Financing

Another big beverage company from China is plotting U.S. expansion

The teahouse concept Chagee has more than 6,400 units across Asia and now is planning its first location in the U.S., following the filing of an initial public offering.
Chagee
A Chagee unit in Shanghai. | Photo: Shutterstock

Trade relations between the U.S. and China may be a bit tense, but that hasn’t stopped a China-based teahouse chain from filing for an initial public offering here.

Chagee Holdings Ltd., parent to a Shanghai-based teahouse chain with more than 6,400 units across Asia, filed for an IPO earlier this week seeking to raise $100 million, though the date of the offering has not yet been set. The company seeks to trade on the Nasdaq with the ticker symbol CHA.

Chagee is a beverage concept founded in 2017 offering freshly made tea drinks like tea lattes, pure tea, iced lemon tea and tea frappes.

The brand was inspired by the rise of international coffeehouse chains that made coffee drinking both a worldwide lifestyle and a social concept, the company said in filings with the U.S. Securities and Exchange Commission (SEC).

Chagee reported a roughly 83% increase in its unit count between 2023 and 2024, reaching 6,440 as of Dec. 31, mostly in China, where it is the largest teahouse chain. About 169 are company-owned and the rest are franchised, though the company manages about 229 of the franchised locations.

Chagee’s revenues grew from about $344 million in 2023 to $1.7 billion last year.

In its IPO filing, Chagee said proceeds would be used to fund expansion, and that apparently includes in the U.S.

The first U.S. Chagee location is coming this spring to Los Angeles, where an outlet is reportedly opening in a Westfield mall. The company’s U.S. headquarters is in Irvine, California, and the plan for expansion here will include company-owned units, according to its LinkedIn page.
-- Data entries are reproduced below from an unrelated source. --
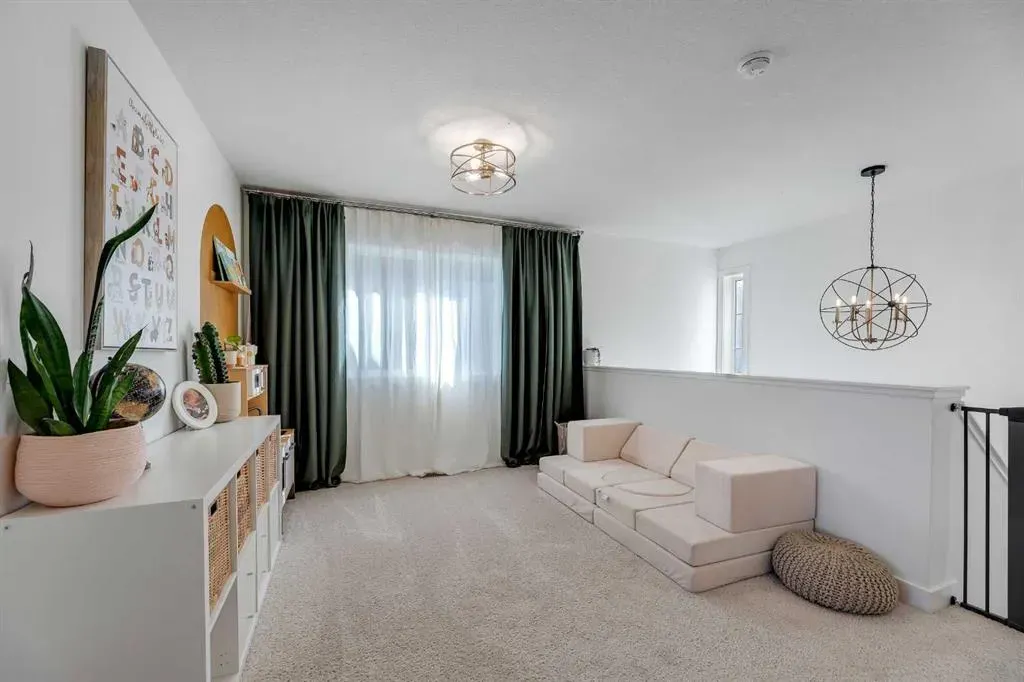 179 Legacy Glen Parade SE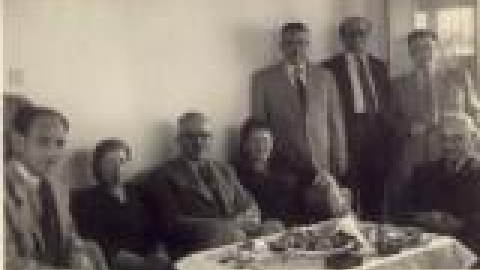 מועצה מקומית ישיבה חגיגית בבית ראש המועצה גרושקביץ_jpg.jpg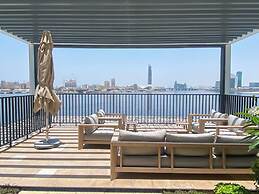 GLOBALSTAY. Creek Edge Tower Apartments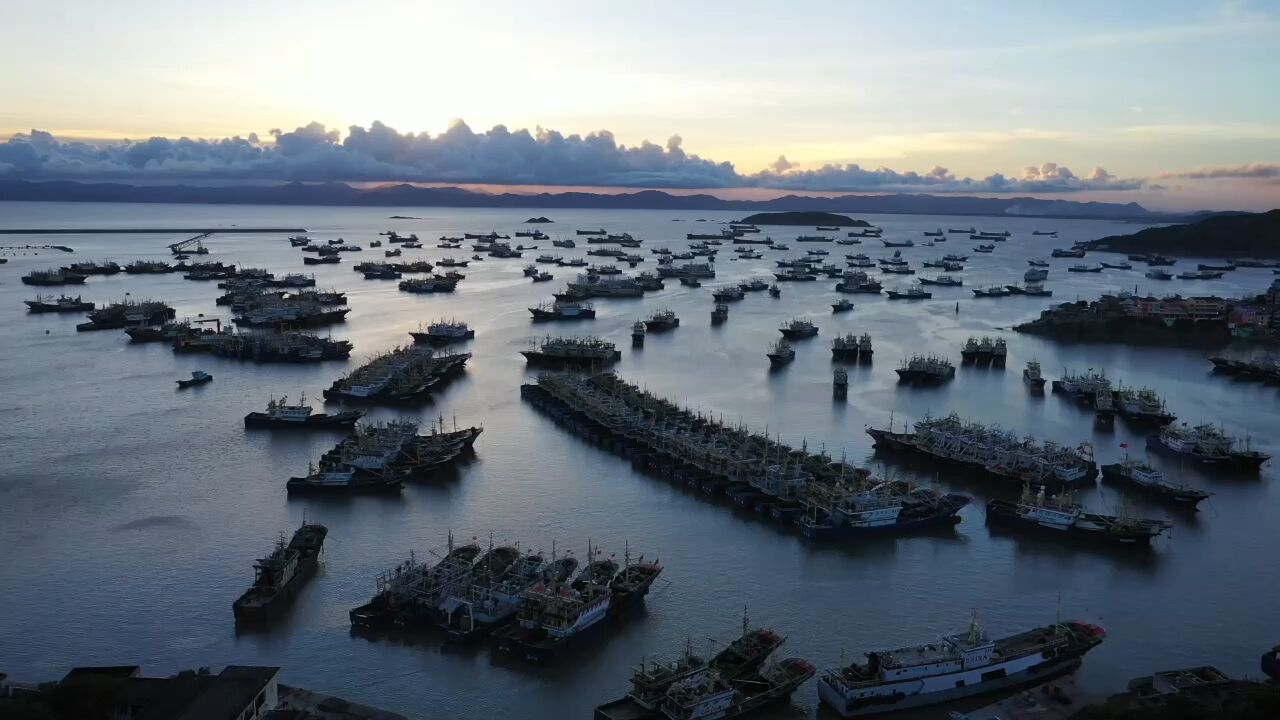 浙江温岭夏日渔村夜色美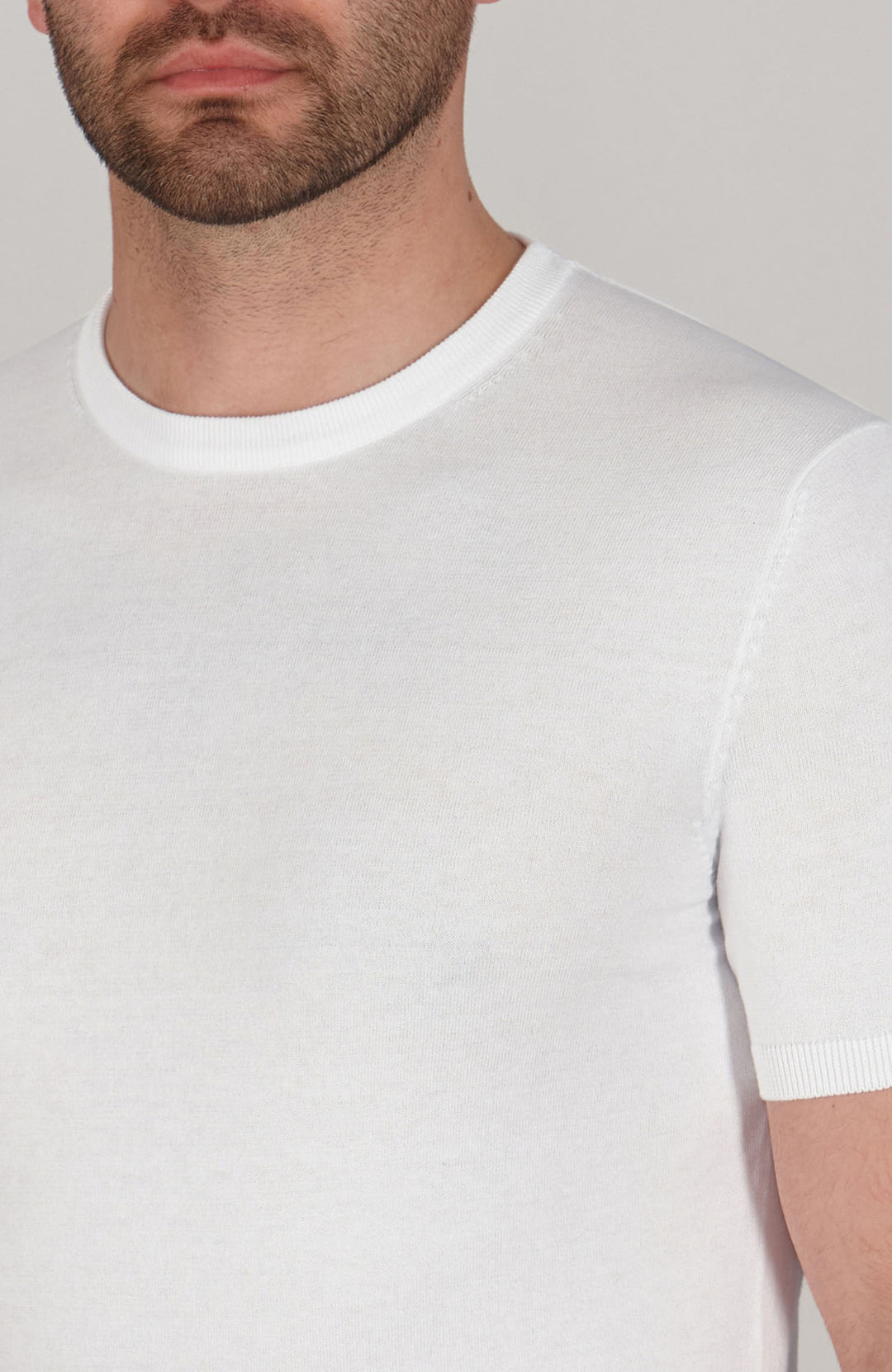 white mens knitted t-shirt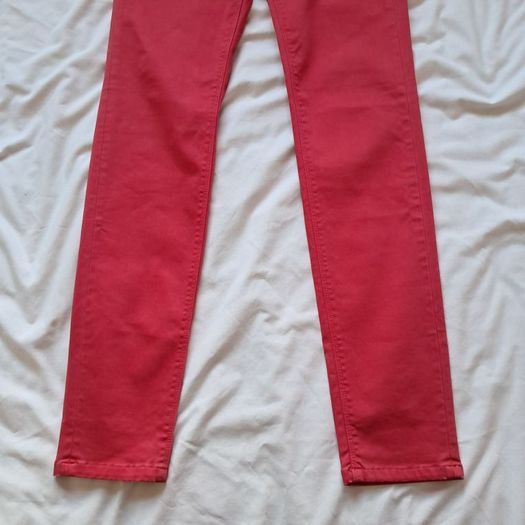 Salsa secret jeans Size 28/32 Zip fly Red in like new condition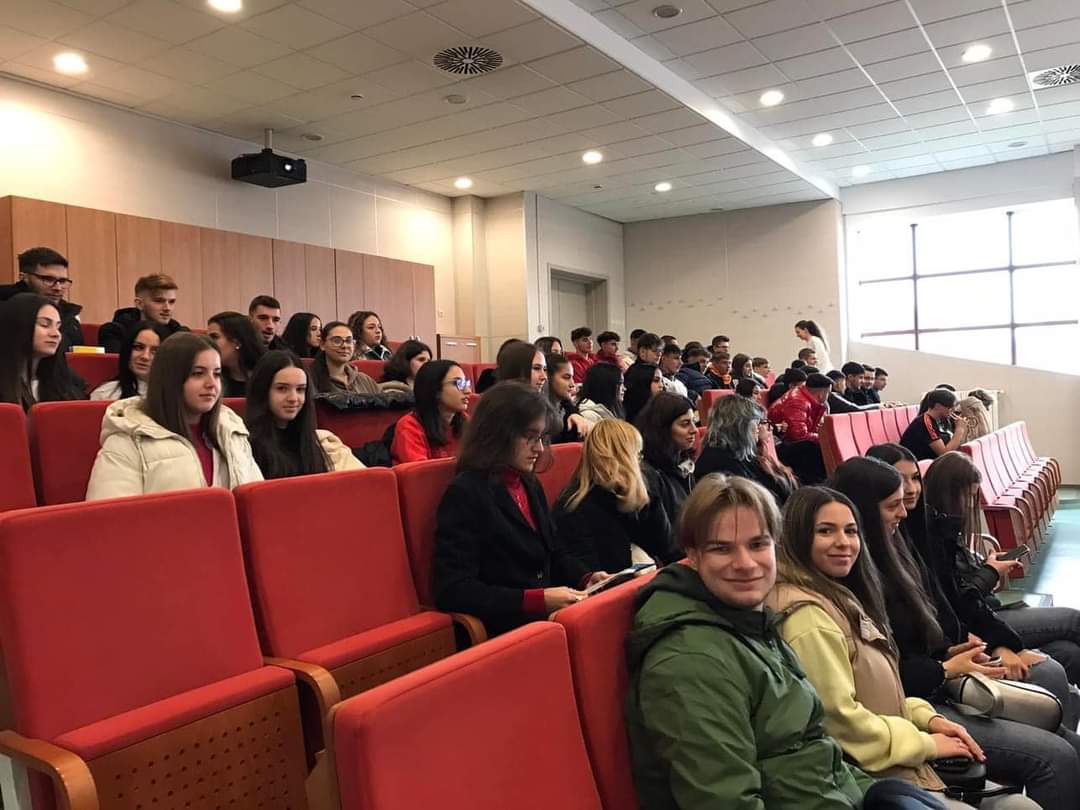 Ziua Economistului și Ziua Profesorului de Economie au fost sărbătorite la Facultatea de  Științe Economice de la  Universitatea Valahia din Târgoviște 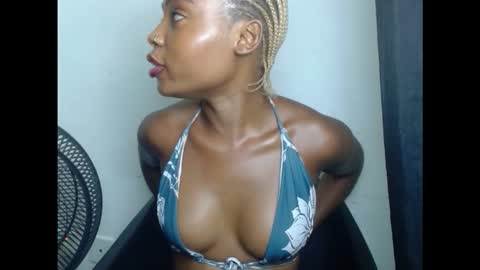 cornxcunt online show from November 24, 2025, 3:17 am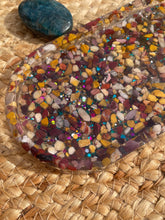 Load image into Gallery viewer, Mookaite Jasper Crystal Chip Resin Display Trinket Dish
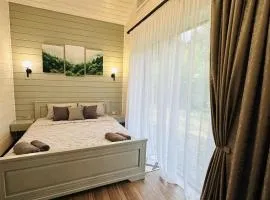 Котедж RIVERHILL 2-4 осіб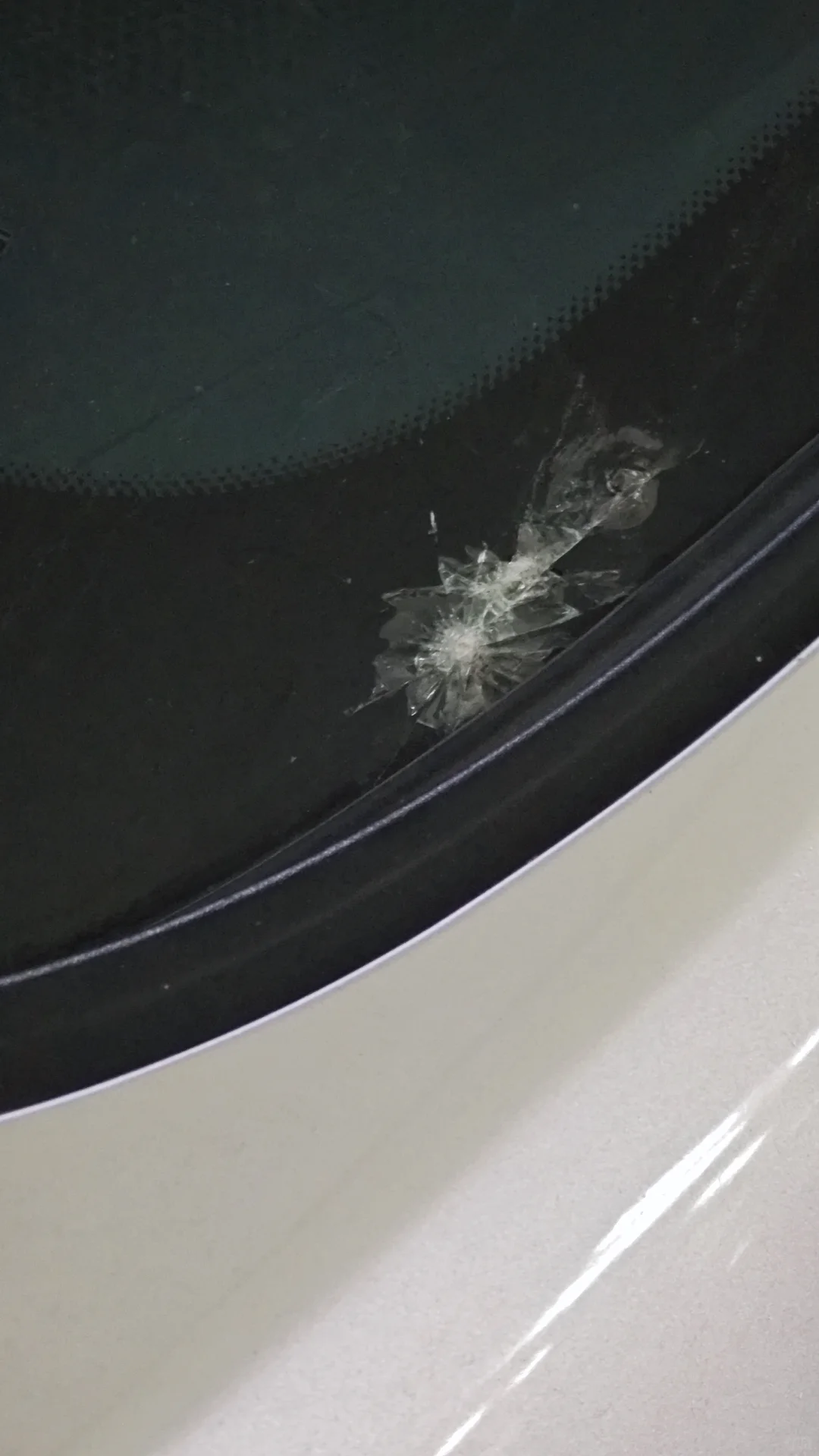 求助｜行驶中前档玻璃被砸到如何处理？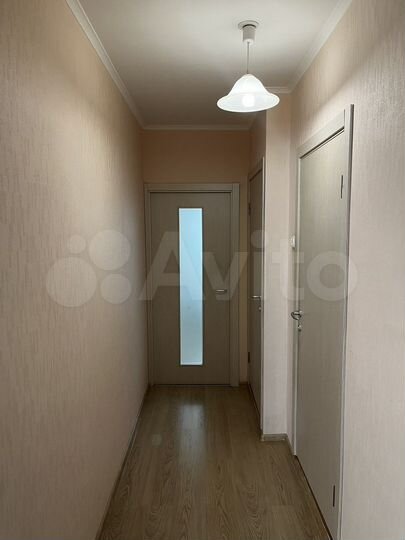 1-к. квартира, 42 м², 1/25 эт.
The move comes as Luckin Coffee, another China-based beverage company, is also plotting another attempt to conquer America.  Its first U.S. location is reportedly coming to New York City sometime this year.

Also founded in 2017, Luckin has grown rapidly in Asia, outpacing Starbucks there. Luckin later filed for an IPO in the U.S.—before any units had opened here—but later was delisted after revealing it had inflated its earnings data.

Luckin filed bankruptcy and emerged with new financing and management, and carried on its growth path, more than doubling between mid-2023 and the end of 2024, when it had 22,340 units.

Luckin, however, faces a lot more competition in the coffee space.

Tea, on the other hand, has tremendous global potential, Chagee contends in its SEC filing.

It’s the second largest non-alcoholic beverage category worldwide with more than $467 million in sales and the potential to reach about $602 billion by 2028, with freshly made tea drinks projected to reach $122 billion. 

Tea drinking is on the rise in part because the base of consumers is expanding,  and there’s a potential to capture coffee drinkers because tea is more affordable and has a more healthful profile, Chagee contends in SEC filings.